آن سپد خود را چو پر از آب دید ** کر استغنا و از دریا برید
Fakat ciğerinde bir katrecik suyu bile kalmadı. Bunun üzerine deniz, acıdı da onu tekrar davet etti.
بر جگر آبش یکی قطره نماند ** بحر رحمت کرد و او را باز خواند
Denizden sebepsiz bir hizmet karşılığı olmaksızın rahmet gelir. Bu, ne kutlu andır.
رحمتی بیعلتی بیخدمتی ** آید از دریا مبارک ساعتی
Tanrı hakkı için denizin etrafında dönüp dolaşmak, denizde gezenlerin yüzleri, sarı olsa bile aldırış etmemek gerek.3625
الله الله گرد دریابار گرد ** گرچه باشند اهل دریابار زرد
Denizin etrafında dönüp dolaşmak ki Tanrı’nın lûtfu, bağışlaması gelip çatıversin de sararmış yüz, bir mücevher bularak kızarsın.
تا که آید لطف بخشایشگری ** سرخ گردد روی زرد از گوهری
Yüzün sarı rengi, renklerin en iyisidir. Çünkü o yüze kavuşmayı beklemektedir.
زردی رو بهترین رنگهاست ** زانک اندر انتظار آن لقاست
Fakat bir adamın yüzünde parlayıp duran kırmızılık, o adamın canının, bulunduğuna kani olmasındandır.
لیک سرخی بر رخی که آن لامعست ** بهر آن آمد که جانش قانعست
Halbuki insanı zayıflatan, alçaltan, sarartıp solduran tamahtır. Bu solgunluk ve arıklık, bedene ait illetlerden değildir.

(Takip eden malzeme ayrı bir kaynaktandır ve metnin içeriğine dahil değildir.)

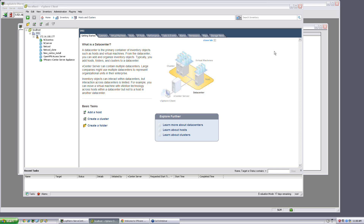Welcome to the LogMatrix Model Club. This is another edition for those of you who have been attending. The topic for today is using NerveCenter to monitor VMware environments.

که طمع لاغر کند زرد و ذلیل ** نیست او از علت ابدان علیل
Hastalıksız bir sarı yüz görse Calinas'un bile aklı şaşar.3630
چون ببیند روی زرد بیسقم ** خیره گردد عقل جالینوس هم
Fakat tamahı bağladın mı Tanrı nurlarına dalarsın. Mustafa, bunun için "Tamaha düşenin nefsi alçalır" demiştir.
چون طمع بستی تو در انوار هو ** مصطفی گوید که ذلت نفسه
Gölgesiz nur, lâtiftir, yücedir. Kafes kafes vuran nura, bir kalburdan aksetmededir. O kafes şeklindeki gölge, kalburun gölgesidır.
نور بیسایه لطیف و عالی است ** آن مشبک سایهی غربالی است
Âşıklar, bedenlerinin çıplak olmasını isterler. Fakat erkekliği olmıyana ha elbise olmuş, ha olmamış!
عاشقان عریان همیخواهند تن ** پیش عنینان چه جامه چه بدن
O ekmek ve sofra, oruçlulara çıkar. At sineğine çorba nedir, tencere ne?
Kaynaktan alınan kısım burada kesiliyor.